Yes, we are allowing “fake news” a legitimacy it doesn't deserve. Of course, we are all quite confident in our own ability to discern fake news from the real stuff. After all, we can recognize an ad when we see one, right? And a completely phony headline or story from the real thing.
According to The Wall Street Journal analysis of a study done by Stanford University, 82% of middle-school students couldn’t distinguish between a native ad and a real news story. Four out of 5 couldn't identify the difference.
The WSJ's conclusion:
“Overall, young people’s ability to reason about the information on the Internet can be summed up in one word: bleak.”
This study was conducted across middle school, high school and college students over an 18-month period from January 2105 to June 2016.
The study covered:
- native advertising and the ability to identify an item as an ad or non-ad
- the ability to determine if a photo on a photo sharing website provides strong evidence and
- the ability to consider the source of a tweet and the usefulness of that tweet
And it gets even scarier. “ . . . only nine percent of high school students in an Advanced Placement history course were able to see through MinimumWage.com’s language to determine that it was a front group for a D.C. lobbyist . . .” And “among college students the results were actually worse: ninety-three percent of students were snared.”
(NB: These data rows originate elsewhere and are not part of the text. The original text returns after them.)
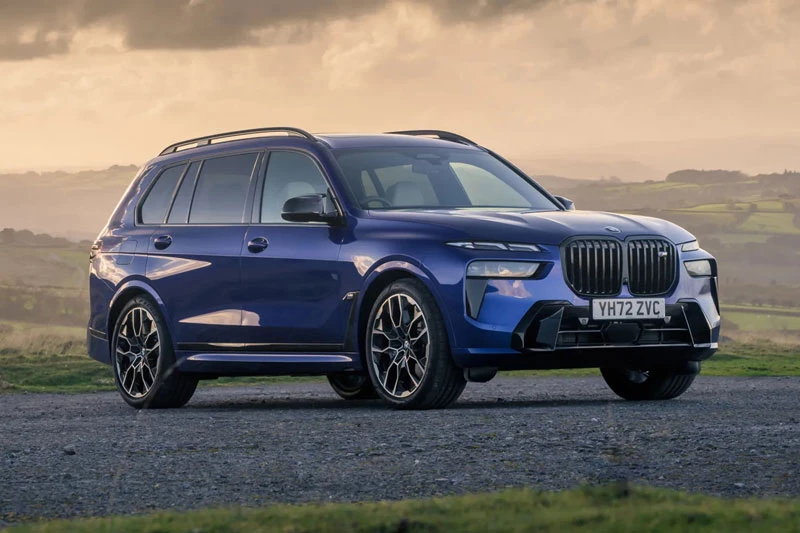 9. BMW X7 2022 (độ tin cậy: 79%).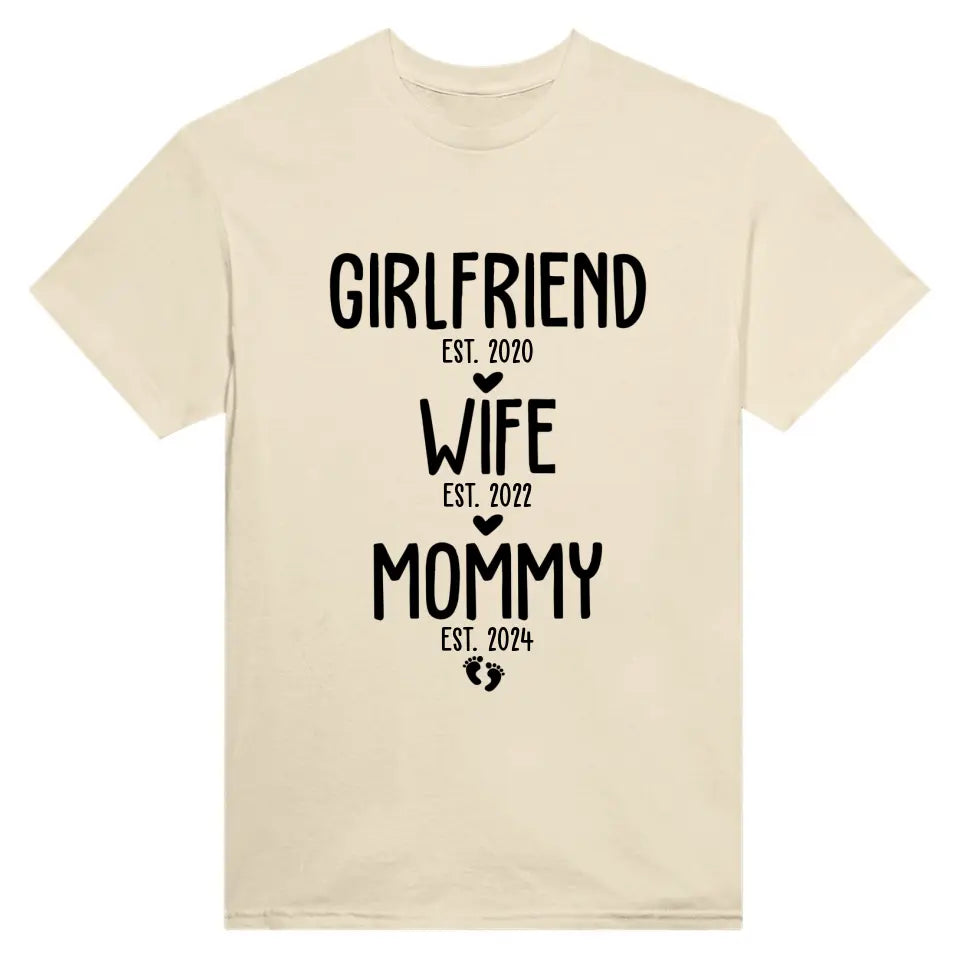 Girlfriend, Wife, Mommy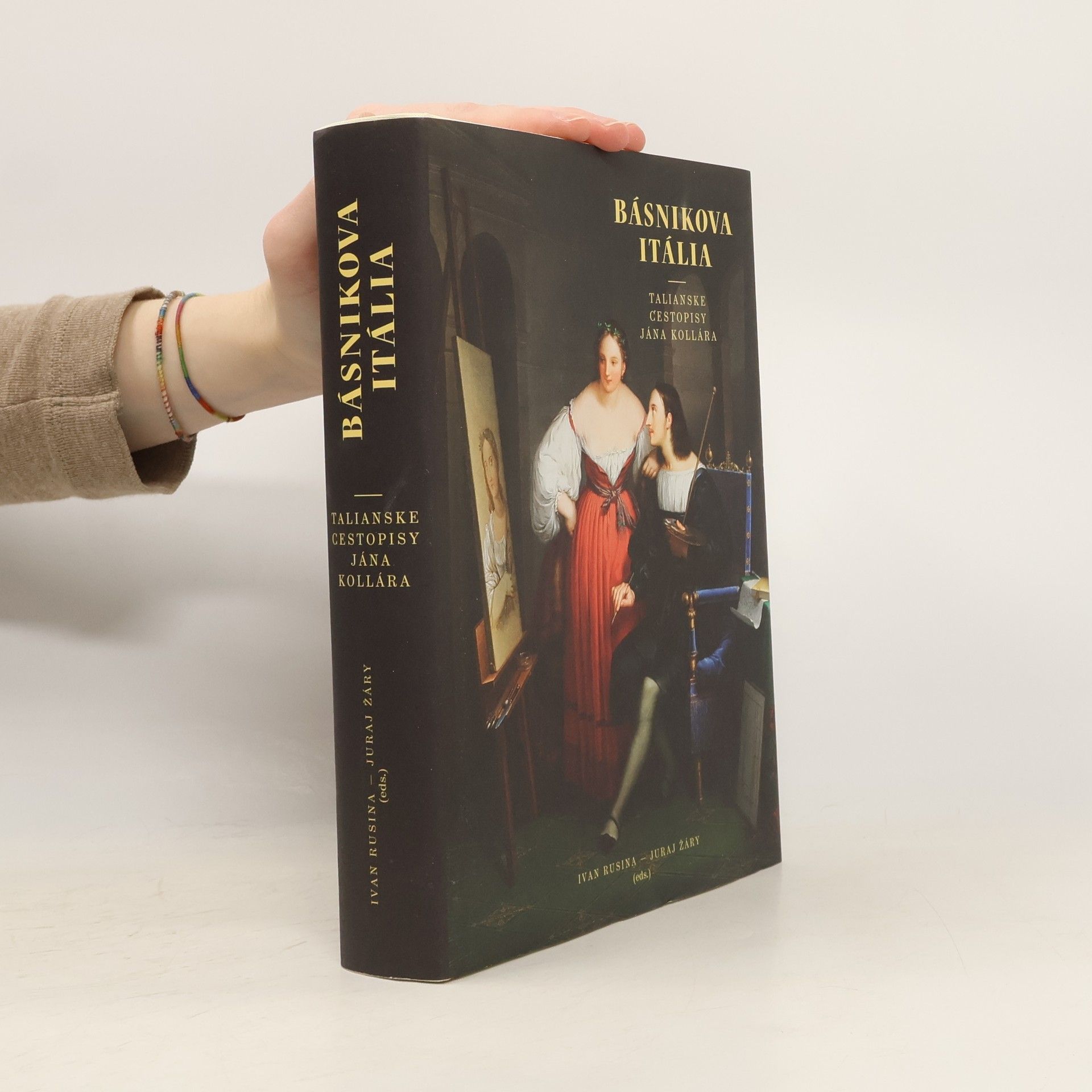 Ivan Rusina Básnikova Itália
Our perspective: We have to do better than this. It’s not an option, and it’s up to us. Here's what I think we can -- and should, and must -- do:
- Talk to our children about “native advertising” and “fake news” and “paid advertising.” Show and tell them the difference.
- Talk to each other. A quick glance at Twitter or a Snapchat post or a website we’ve never visited before can so easily give anyone false information or the wrong impression.
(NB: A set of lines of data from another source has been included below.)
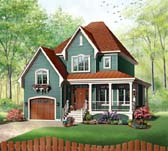 House Plan 65411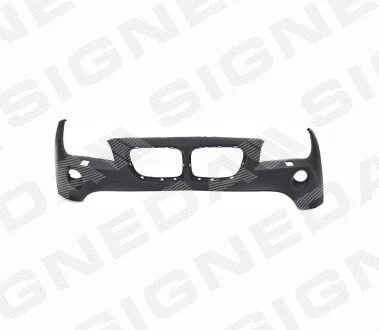 Бампер передній BMW X1 (E84), 09 - 15 Signeda PBM04226BA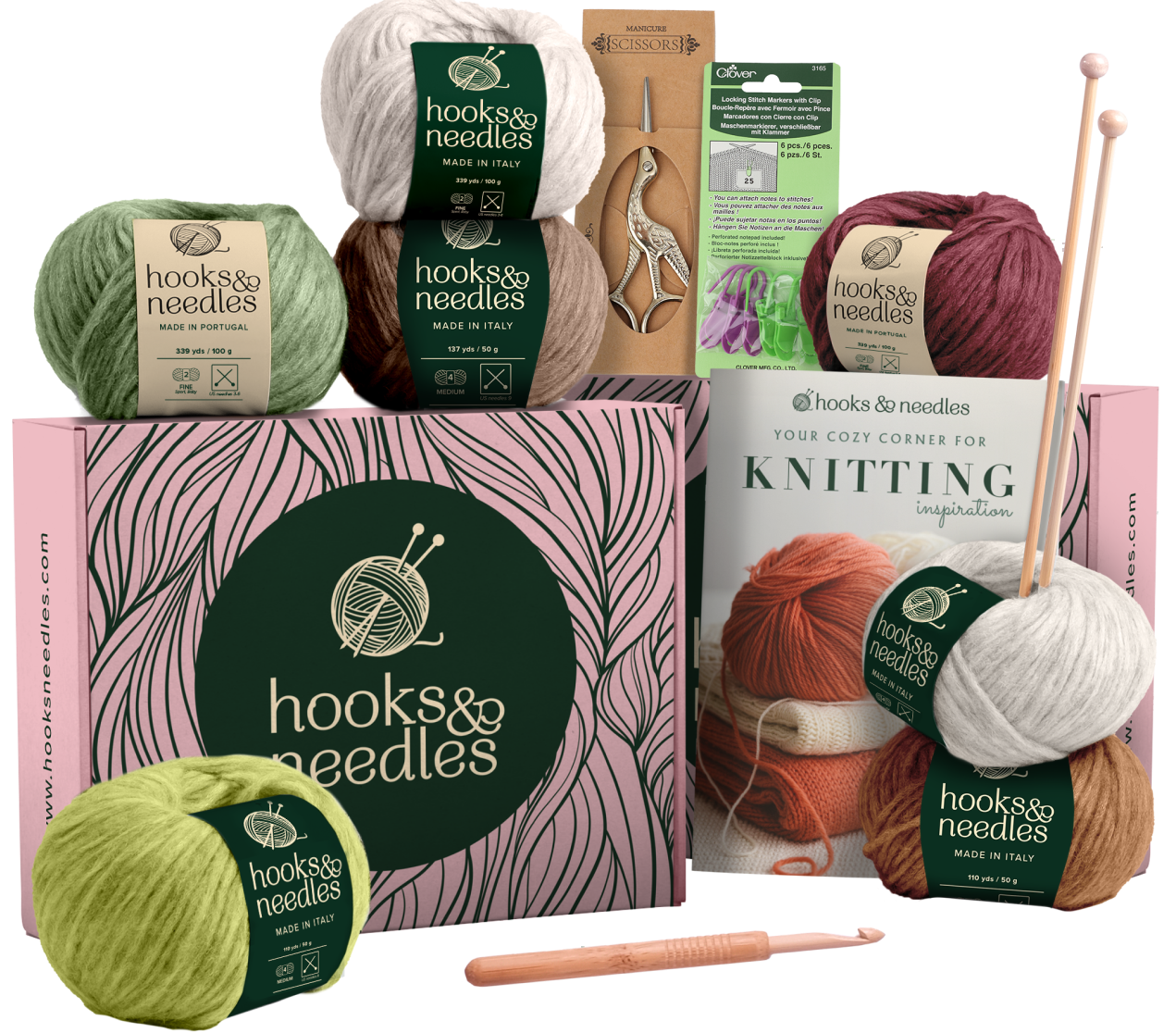 Hooks & Needles Subscription Box 11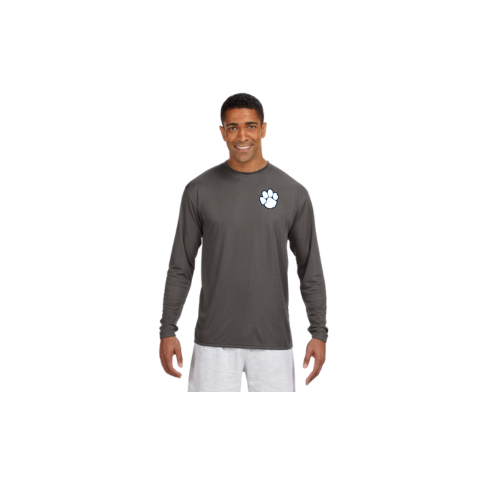100% Polyester Long Sleeve Est. 2003 with Claw Mark
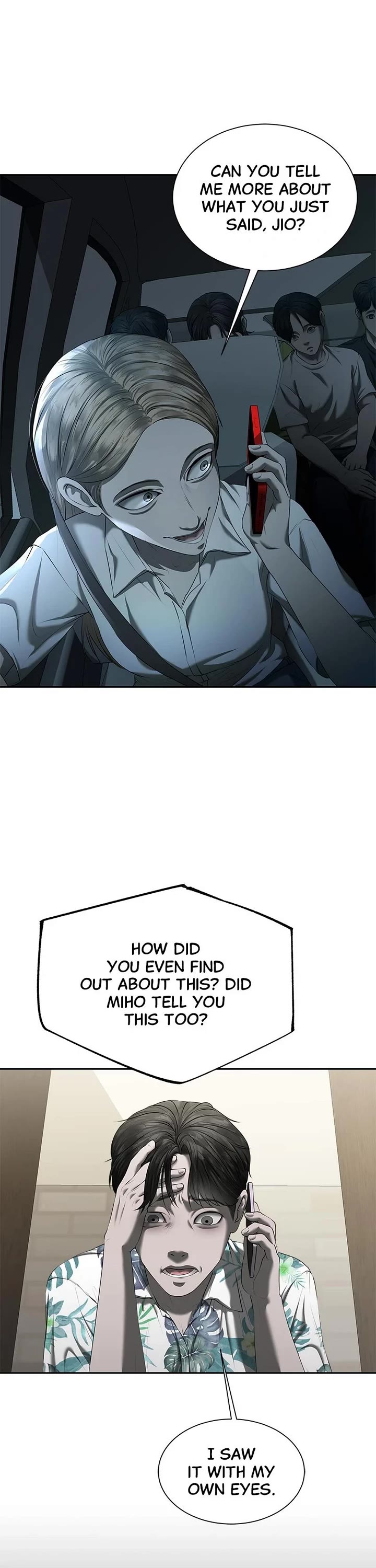 My Girlfriend chapter 28 page 1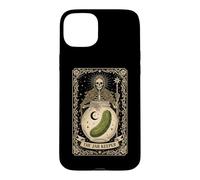 The Jar Keeper Tarot Card Skeleton Pickle Jar Case for iPhone 15 Plus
- Use our native intelligence and natural inquisitiveness. If an item just sounds crazy, review the source. Look at other channels that might cover the same topic. Be SKEPTICAL.
Support and use the sources that report the real stuff.
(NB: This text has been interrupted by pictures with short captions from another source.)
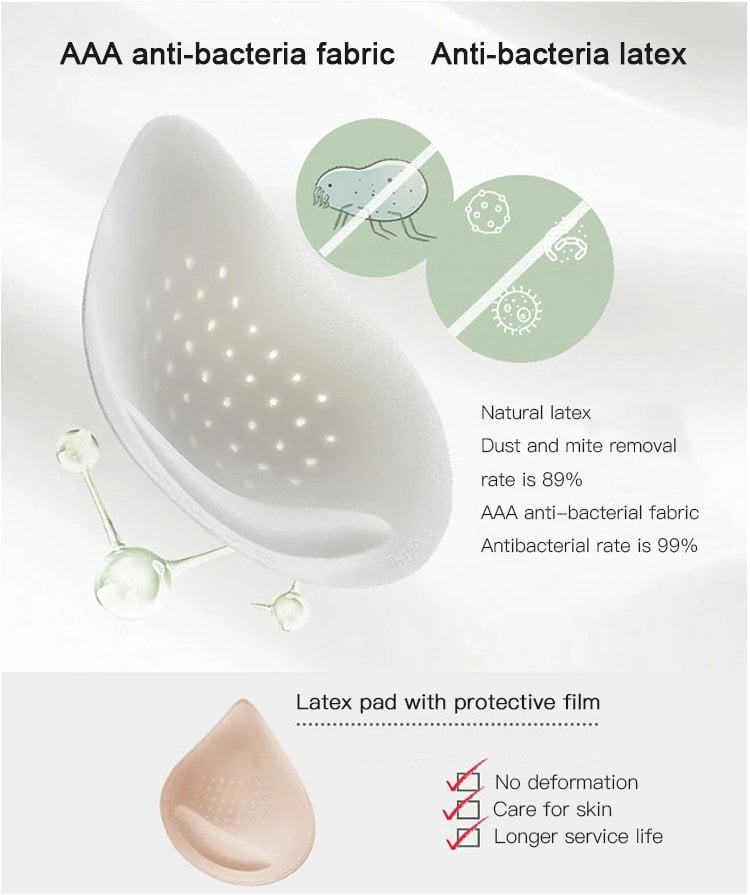 Elevate - Seamless Wireless Breast Support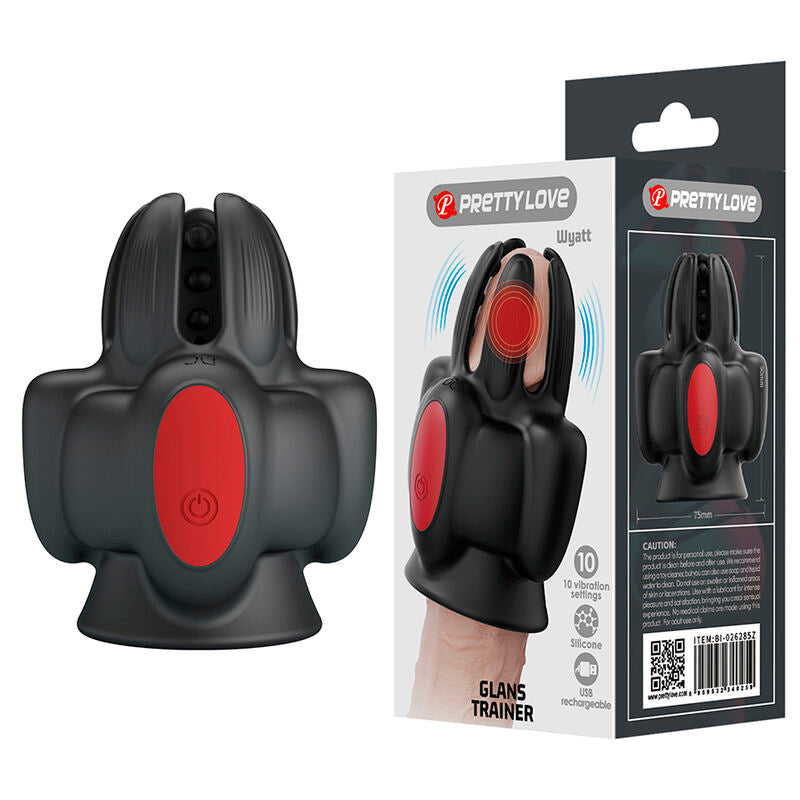 PRETTY LOVE – WYATT RECHARGEABLE AUTOMATIC MASTURBATOR CLASS TRAINER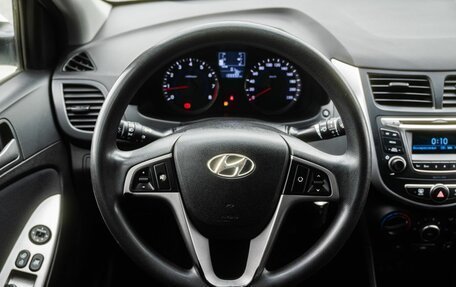 Hyundai Solaris II рестайлинг, 2016 год, 950 000 рублей, 15 фотография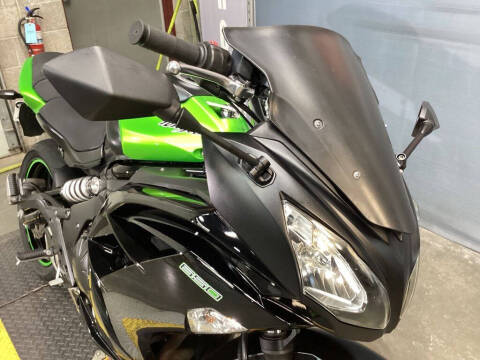 2014 Kawasaki Ninja 650R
We all have our favorite BRANDED sources for international, national and regional news and information. Hopefully, there's a few local sources you have bookmarked, are following on Twitter or are in your Flipboard page. There is much solid work being done by local radio, TV and newspaper journalists and bloggers. Support and recommend them. Look for curated sites.
We need sources we can trust for our news and information. We're all entitled to our own opinions, but not our own facts.